Stored dataset items:
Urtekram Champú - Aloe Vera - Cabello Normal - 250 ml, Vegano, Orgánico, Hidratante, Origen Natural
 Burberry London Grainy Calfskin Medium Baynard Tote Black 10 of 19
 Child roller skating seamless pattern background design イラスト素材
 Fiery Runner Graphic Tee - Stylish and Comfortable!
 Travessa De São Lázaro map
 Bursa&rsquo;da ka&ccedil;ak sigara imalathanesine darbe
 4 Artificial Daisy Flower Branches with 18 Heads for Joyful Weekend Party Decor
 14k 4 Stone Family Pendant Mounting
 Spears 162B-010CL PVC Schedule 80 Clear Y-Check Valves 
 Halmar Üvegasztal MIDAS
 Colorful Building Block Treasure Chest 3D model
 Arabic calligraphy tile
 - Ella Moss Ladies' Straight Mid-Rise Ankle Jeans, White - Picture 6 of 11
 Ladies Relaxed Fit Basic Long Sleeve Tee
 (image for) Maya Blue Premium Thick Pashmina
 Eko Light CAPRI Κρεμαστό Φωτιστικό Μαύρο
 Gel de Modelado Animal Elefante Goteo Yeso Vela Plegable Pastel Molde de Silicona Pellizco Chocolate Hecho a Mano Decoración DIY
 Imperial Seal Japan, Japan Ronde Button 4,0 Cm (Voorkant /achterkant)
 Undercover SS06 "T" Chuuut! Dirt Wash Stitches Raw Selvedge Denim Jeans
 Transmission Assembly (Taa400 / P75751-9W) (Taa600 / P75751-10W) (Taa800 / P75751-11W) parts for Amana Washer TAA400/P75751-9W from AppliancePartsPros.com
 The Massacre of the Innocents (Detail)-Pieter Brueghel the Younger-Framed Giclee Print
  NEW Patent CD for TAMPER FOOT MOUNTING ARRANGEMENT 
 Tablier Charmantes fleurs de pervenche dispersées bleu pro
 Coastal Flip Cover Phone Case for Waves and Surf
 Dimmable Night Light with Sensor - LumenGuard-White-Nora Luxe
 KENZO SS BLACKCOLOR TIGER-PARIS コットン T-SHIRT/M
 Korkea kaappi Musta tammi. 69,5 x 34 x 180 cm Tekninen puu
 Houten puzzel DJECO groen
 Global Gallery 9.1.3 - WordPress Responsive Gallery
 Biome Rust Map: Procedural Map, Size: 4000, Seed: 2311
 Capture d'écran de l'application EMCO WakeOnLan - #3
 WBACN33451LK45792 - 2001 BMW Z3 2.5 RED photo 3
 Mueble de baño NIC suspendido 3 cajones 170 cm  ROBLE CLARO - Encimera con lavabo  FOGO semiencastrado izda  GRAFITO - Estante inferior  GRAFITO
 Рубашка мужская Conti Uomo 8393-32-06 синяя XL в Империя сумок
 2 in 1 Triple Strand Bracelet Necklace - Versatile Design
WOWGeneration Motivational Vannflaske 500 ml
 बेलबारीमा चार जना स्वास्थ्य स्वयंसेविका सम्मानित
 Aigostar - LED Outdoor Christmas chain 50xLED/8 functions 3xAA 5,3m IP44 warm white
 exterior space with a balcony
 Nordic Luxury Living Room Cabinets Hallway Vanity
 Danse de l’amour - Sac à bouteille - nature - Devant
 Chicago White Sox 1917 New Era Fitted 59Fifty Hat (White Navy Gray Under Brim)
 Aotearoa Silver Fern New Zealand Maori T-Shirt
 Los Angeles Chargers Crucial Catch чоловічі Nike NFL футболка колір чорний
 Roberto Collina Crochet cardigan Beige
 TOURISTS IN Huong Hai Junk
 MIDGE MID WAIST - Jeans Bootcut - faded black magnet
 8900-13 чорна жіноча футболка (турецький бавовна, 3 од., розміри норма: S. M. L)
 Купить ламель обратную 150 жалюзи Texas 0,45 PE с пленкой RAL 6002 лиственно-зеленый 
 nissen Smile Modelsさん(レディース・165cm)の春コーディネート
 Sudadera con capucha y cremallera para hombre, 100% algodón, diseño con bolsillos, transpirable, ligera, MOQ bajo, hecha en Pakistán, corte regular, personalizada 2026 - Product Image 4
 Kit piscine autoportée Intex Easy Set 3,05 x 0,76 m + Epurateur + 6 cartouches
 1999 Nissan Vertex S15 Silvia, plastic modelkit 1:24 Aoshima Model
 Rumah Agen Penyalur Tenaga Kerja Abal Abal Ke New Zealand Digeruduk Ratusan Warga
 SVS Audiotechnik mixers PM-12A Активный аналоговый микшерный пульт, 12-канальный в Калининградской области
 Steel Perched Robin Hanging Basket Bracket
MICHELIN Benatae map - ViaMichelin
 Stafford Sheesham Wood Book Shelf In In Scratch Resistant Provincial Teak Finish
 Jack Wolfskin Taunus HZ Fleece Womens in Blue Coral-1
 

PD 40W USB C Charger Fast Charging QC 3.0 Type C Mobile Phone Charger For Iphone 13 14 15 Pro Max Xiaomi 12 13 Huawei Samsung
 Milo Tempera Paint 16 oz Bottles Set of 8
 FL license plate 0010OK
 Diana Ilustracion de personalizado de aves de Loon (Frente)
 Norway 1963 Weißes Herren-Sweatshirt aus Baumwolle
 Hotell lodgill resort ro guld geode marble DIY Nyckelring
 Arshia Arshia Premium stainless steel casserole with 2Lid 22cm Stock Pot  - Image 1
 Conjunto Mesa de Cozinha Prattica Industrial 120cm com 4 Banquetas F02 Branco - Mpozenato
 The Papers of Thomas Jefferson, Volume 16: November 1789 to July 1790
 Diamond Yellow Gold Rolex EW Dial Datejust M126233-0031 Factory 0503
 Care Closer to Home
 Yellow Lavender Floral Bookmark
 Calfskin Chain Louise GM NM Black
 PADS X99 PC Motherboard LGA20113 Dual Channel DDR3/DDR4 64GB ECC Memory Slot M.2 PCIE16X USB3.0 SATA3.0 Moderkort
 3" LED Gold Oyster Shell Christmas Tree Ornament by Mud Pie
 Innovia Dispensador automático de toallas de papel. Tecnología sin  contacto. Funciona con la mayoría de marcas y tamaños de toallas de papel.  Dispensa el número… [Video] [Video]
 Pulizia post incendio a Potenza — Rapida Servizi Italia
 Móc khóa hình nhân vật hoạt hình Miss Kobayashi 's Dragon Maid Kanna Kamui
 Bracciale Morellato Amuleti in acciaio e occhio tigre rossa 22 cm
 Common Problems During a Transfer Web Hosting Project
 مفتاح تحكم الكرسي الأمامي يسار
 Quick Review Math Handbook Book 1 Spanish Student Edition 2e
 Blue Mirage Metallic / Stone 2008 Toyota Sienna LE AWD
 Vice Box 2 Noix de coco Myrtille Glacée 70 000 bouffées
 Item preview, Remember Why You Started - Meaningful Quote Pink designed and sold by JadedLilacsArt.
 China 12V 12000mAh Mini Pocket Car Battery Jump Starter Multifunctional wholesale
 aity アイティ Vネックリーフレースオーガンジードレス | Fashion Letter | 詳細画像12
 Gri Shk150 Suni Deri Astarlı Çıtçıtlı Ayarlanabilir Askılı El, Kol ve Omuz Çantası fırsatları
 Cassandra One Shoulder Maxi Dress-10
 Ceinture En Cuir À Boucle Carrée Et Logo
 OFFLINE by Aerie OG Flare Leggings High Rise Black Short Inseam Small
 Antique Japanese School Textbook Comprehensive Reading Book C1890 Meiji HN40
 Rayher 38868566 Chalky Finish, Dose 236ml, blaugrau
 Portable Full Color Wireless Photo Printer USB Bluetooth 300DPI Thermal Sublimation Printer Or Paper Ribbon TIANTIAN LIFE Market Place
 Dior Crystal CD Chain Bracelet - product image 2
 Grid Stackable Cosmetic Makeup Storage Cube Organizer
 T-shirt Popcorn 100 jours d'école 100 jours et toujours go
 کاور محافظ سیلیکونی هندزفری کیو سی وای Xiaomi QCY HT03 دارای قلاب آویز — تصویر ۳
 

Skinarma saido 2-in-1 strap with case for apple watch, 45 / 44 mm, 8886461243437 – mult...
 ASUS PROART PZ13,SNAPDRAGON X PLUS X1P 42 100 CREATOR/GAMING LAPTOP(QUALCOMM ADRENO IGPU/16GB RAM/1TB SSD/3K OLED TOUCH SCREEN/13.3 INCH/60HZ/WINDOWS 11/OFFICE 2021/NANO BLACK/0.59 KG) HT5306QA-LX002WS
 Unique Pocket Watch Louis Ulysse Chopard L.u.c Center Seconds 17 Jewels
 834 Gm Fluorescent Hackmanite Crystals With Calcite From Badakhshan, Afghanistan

TASK ITEM. Return, word for word, the lines of the data above from the line with "Houten puzzel DJECO groen" through the line with "Diana Ilustracion de", inclusive.

ANSWER BOX.
 Houten puzzel DJECO groen
 Global Gallery 9.1.3 - WordPress Responsive Gallery
 Biome Rust Map: Procedural Map, Size: 4000, Seed: 2311
 Capture d'écran de l'application EMCO WakeOnLan - #3
 WBACN33451LK45792 - 2001 BMW Z3 2.5 RED photo 3
 Mueble de baño NIC suspendido 3 cajones 170 cm  ROBLE CLARO - Encimera con lavabo  FOGO semiencastrado izda  GRAFITO - Estante inferior  GRAFITO
 Рубашка мужская Conti Uomo 8393-32-06 синяя XL в Империя сумок
 2 in 1 Triple Strand Bracelet Necklace - Versatile Design
WOWGeneration Motivational Vannflaske 500 ml
 बेलबारीमा चार जना स्वास्थ्य स्वयंसेविका सम्मानित
 Aigostar - LED Outdoor Christmas chain 50xLED/8 functions 3xAA 5,3m IP44 warm white
 exterior space with a balcony
 Nordic Luxury Living Room Cabinets Hallway Vanity
 Danse de l’amour - Sac à bouteille - nature - Devant
 Chicago White Sox 1917 New Era Fitted 59Fifty Hat (White Navy Gray Under Brim)
 Aotearoa Silver Fern New Zealand Maori T-Shirt
 Los Angeles Chargers Crucial Catch чоловічі Nike NFL футболка колір чорний
 Roberto Collina Crochet cardigan Beige
 TOURISTS IN Huong Hai Junk
 MIDGE MID WAIST - Jeans Bootcut - faded black magnet
 8900-13 чорна жіноча футболка (турецький бавовна, 3 од., розміри норма: S. M. L)
 Купить ламель обратную 150 жалюзи Texas 0,45 PE с пленкой RAL 6002 лиственно-зеленый 
 nissen Smile Modelsさん(レディース・165cm)の春コーディネート
 Sudadera con capucha y cremallera para hombre, 100% algodón, diseño con bolsillos, transpirable, ligera, MOQ bajo, hecha en Pakistán, corte regular, personalizada 2026 - Product Image 4
 Kit piscine autoportée Intex Easy Set 3,05 x 0,76 m + Epurateur + 6 cartouches
 1999 Nissan Vertex S15 Silvia, plastic modelkit 1:24 Aoshima Model
 Rumah Agen Penyalur Tenaga Kerja Abal Abal Ke New Zealand Digeruduk Ratusan Warga
 SVS Audiotechnik mixers PM-12A Активный аналоговый микшерный пульт, 12-канальный в Калининградской области
 Steel Perched Robin Hanging Basket Bracket
MICHELIN Benatae map - ViaMichelin
 Stafford Sheesham Wood Book Shelf In In Scratch Resistant Provincial Teak Finish
 Jack Wolfskin Taunus HZ Fleece Womens in Blue Coral-1
 

PD 40W USB C Charger Fast Charging QC 3.0 Type C Mobile Phone Charger For Iphone 13 14 15 Pro Max Xiaomi 12 13 Huawei Samsung
 Milo Tempera Paint 16 oz Bottles Set of 8
 FL license plate 0010OK
 Diana Ilustracion de personalizado de aves de Loon (Frente)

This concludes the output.